A importància dos líderes no futebol
Carlos Claudinei Talli
Certa vez, conversando com um querido amigo sobre futebol, ele me contou que seu pai, um apaixonado pelo jogo bem jogado e uma pessoa muito experiente e estudiosa das coisas da vida, sempre lhe dizia que gostava de comparecer aos estádios para, mais que assistir ao jogo propriamente dito, observar principalmente o comportamento dos jogadores em campo. Para ele uma partida de futebol era como uma amostra da vida das pessoas no cotidiano. Era o melhor lugar para se descobrir o que ocorre no interior das pessoas, porque, em determinados momentos do jogo, a censura, que todas as pessoas desenvolvem para bloquear certas manifestações na vida real, desaparece completamente, e eles, os jogadores, se mostram como realmente são, sem os disfarces usados no dia a dia.
Livres dessa força interior que faz com que todos nós, como verdadeiros atores no palco da vida, desempenhemos vários papeis que não representam o que somos na realidade, nos mostramos como realmente somos.
O pai daquele meu amigo usava o futebol como um verdadeiro laboratório experimental, para conhecer melhor os sentimentos das pessoas e os seus próprios, também. Com isso, ele fazia uma verdadeira viagem rumo ao seu interior com o objetivo de desenvolver o autoconhecimento.
E ele foi notando que alguns jogadores, apesar de o futebol ser um jogo coletivo, se comportavam como se não o fosse, colocando o individualismo acima de qualquer outro valor, jogando apenas para si, sem se preocupar com o todo. Por exemplo: um gol de placa, marcado por um desses jogadores, muitas vezes era considerado por ele mais importante que o próprio resultado da partida.
Alguns poucos tinham uma atitude diametralmente oposta; jogavam em prol do time, desgastando-se na tentativa de ajudar os demais, enxergando o time como um organismo único composto por vários setores interdependentes. Esses, geralmente, mostravam uma garra incrível e falavam o tempo todo tentando motivar os companheiros, chegando muitas vezes a repreendê-los energicamente se não assumissem o mesmo espírito.
Entre esses dois extremos, uma infinidade de posturas intermediárias, revelando os inúmeros matizes que compõem o universo do comportamento humano.
Quem acompanha futebol certamente já observou que existem jogadores extremamente agressivos dentro de campo, e que fora dele se mostram pessoas controladas e educadas, gerando o célebre comentário: `dentro de campo ele se transforma, parece outra pessoa´. Isso prova a existência daquela censura interior acima lembrada.
Um jogo de futebol é um grande teste para revelar a verdadeira personalidade de uma pessoa. Fora dele, é o comportamento controlado, censurado, adaptado à s convenções sociais, que prevalece.

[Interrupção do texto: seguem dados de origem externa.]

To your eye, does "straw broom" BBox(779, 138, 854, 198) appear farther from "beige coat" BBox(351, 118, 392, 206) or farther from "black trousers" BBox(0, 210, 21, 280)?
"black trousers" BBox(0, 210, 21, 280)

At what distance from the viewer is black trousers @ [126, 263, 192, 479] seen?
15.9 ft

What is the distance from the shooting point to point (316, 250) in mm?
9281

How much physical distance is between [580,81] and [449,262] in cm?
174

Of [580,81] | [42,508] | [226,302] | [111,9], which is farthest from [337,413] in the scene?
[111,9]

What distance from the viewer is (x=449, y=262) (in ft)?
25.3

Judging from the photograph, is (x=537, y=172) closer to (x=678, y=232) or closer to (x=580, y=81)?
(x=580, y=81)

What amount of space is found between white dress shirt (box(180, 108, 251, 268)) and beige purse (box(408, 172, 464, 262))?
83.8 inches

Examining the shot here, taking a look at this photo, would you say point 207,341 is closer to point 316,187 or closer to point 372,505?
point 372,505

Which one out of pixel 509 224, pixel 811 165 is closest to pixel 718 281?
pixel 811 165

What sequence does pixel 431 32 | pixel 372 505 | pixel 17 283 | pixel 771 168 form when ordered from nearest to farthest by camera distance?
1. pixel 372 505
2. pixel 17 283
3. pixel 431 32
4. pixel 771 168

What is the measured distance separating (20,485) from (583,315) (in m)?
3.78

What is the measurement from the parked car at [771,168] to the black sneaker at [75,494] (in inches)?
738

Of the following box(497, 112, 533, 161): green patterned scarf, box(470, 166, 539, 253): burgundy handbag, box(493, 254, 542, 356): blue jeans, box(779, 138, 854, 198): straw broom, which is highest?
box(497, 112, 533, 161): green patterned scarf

Levando-se em conta os dois exemplos extremos aqui ressaltados, o jogador coletivo e o individualista, podemos notar que os grandes times de todos os tempos tinham na sua formação pelo menos um grande jogador coletivo. Geralmente esse tipo de atleta tem uma qualidade extremamente importante: desenvolve uma liderança natural e positiva em relação aos demais, induzindo à união do grupo, o que facilita em muito a conquista da vitória. Os individualistas, ao contrário, mais criam problemas que geram soluções.

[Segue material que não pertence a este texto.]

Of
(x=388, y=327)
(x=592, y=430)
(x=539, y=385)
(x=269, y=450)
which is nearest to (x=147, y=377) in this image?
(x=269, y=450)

A maioria dos demais jogadores tem as duas características acima mencionadas, e muitas outras também, em quantidades variáveis, e dependem da presença ou não de líderes naturais para manifestarem as suas tendências. Quando no time existe um ou mais líderes, comportam-se como jogadores coletivos; na ausência deles, se transformam em individualistas ou, mesmo, em acomodados. Na vida em sociedade isso também ocorre.
Pelo que foi exposto neste artigo, fica claro que a presença de um ou mais líderes positivos em um time de futebol é condição indispensável para o seu sucesso. Um exemplo recente do que a falta de uma liderança dentro de campo pode ocasionar foi o pífio desempenho da nossa seleção no último mundial da Alemanha.

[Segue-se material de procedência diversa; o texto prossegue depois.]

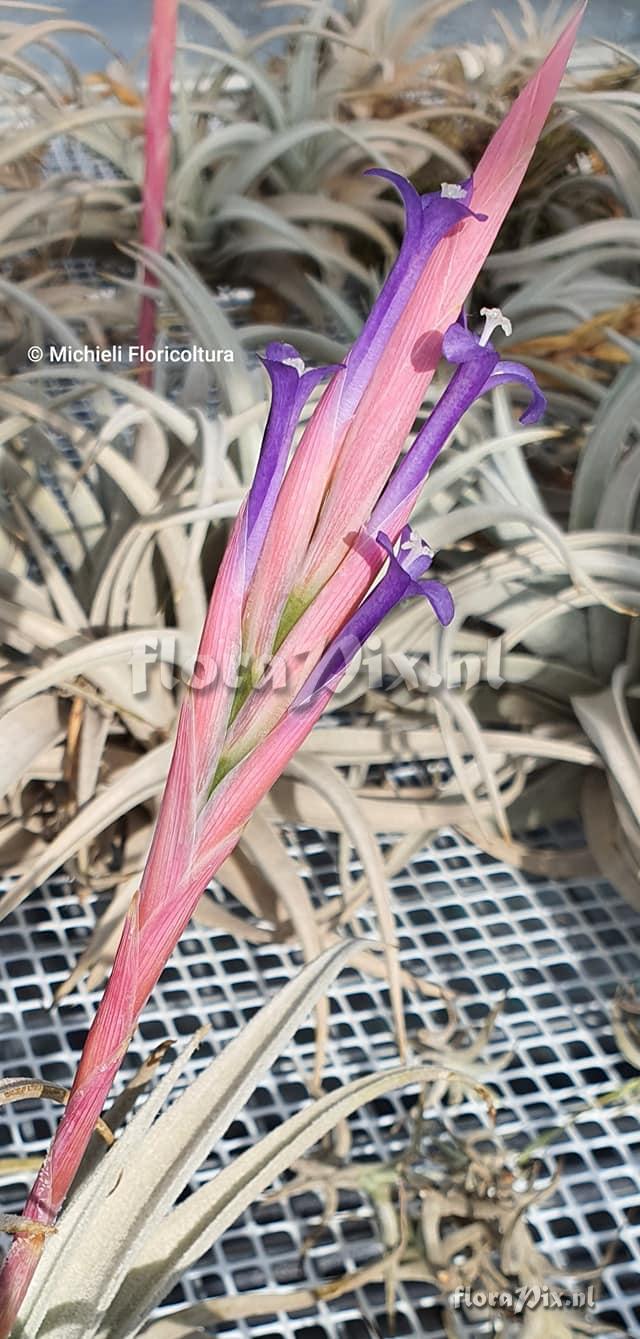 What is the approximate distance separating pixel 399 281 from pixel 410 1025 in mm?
421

Apenas excepcionalmente a escalação de um ou no máximo dois jogadores individualistas pode se justificar: quando a sua qualidade técnica extrapolar em muito a média existente num determinado momento. Foi o que aconteceu com o Romário na Copa de 1994, por exemplo. Em qualquer outra situação, é injustificável. Na maioria das vezes esses jogadores apenas provocam a desunião do grupo, e o objetivo maior que qualquer clube persegue, a conquista de campeonatos, torna-se, quase sempre, impossível de ser alcançado.
Assim, espero tê-los convencido de que o pai do meu amigo, que mencionei no início, tinha razão ao sugerir que o comportamento dos jogadores numa partida funciona como um espelho, que reflete exatamente as tendências que todos nós, seres humanos, temos no nosso interior.
Talvez, por isso, o futebol desperte tanta paixão.